=== The task ===
Would you print out all of the data exactly and keep the pictures out of it?

=== Material provided ===
== == ==

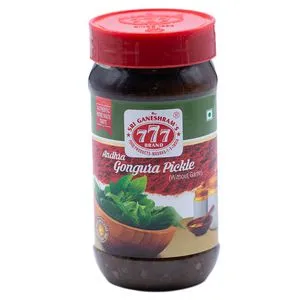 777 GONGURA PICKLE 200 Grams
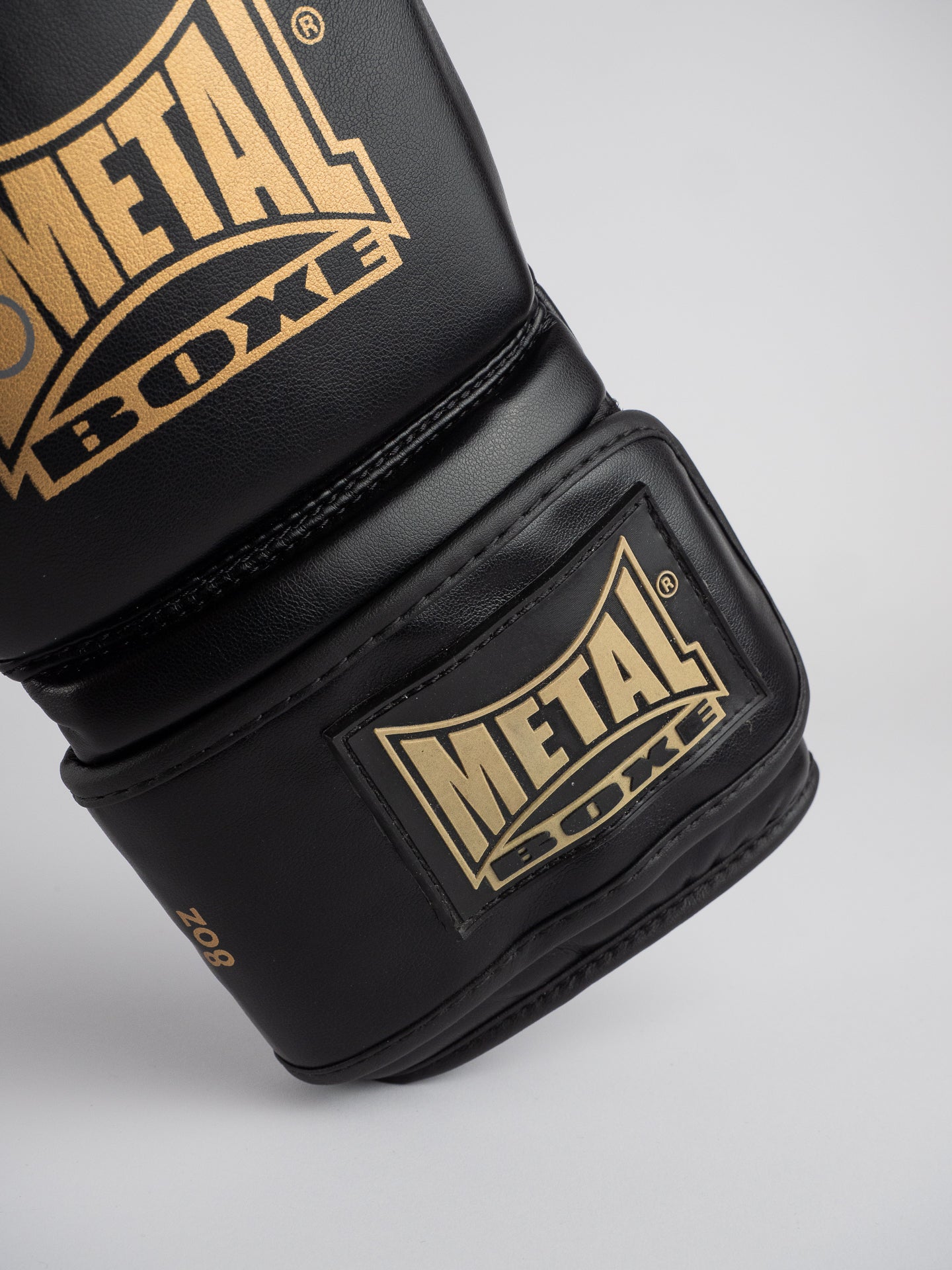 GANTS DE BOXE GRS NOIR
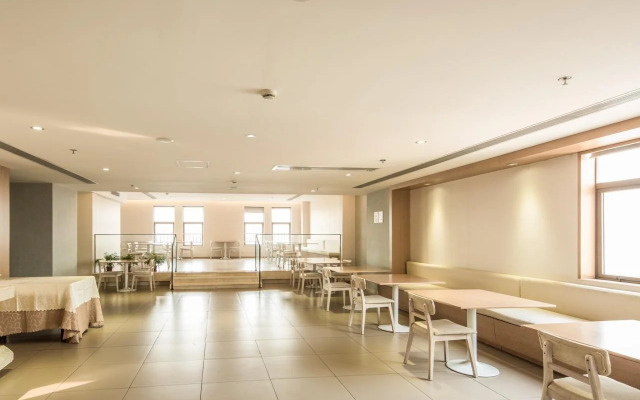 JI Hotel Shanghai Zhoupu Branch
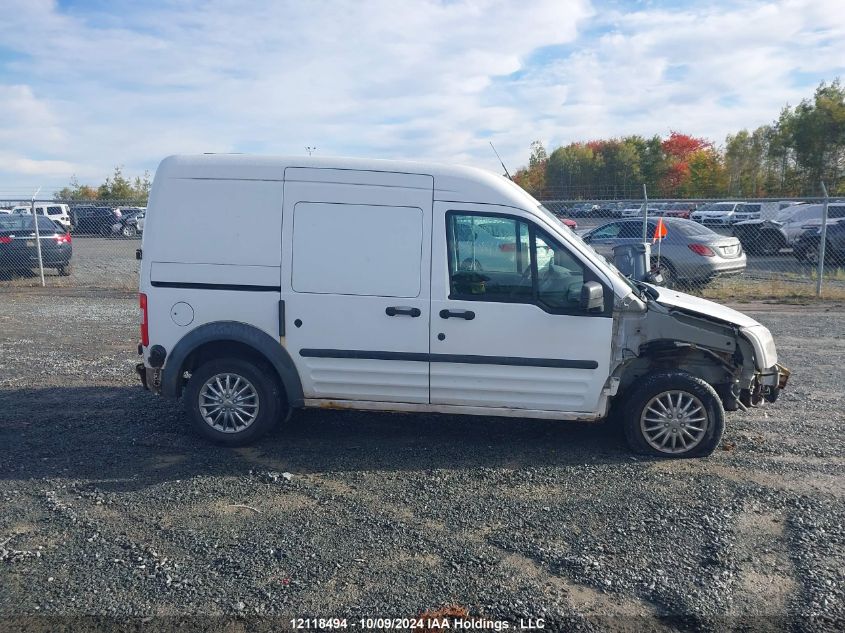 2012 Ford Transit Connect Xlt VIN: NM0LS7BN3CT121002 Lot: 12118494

== == ==

=== Solution to this problem ===
 777 GONGURA PICKLE 200 Grams
 GANTS DE BOXE GRS NOIR
 JI Hotel Shanghai Zhoupu Branch
 2012 Ford Transit Connect Xlt VIN: NM0LS7BN3CT121002 Lot: 12118494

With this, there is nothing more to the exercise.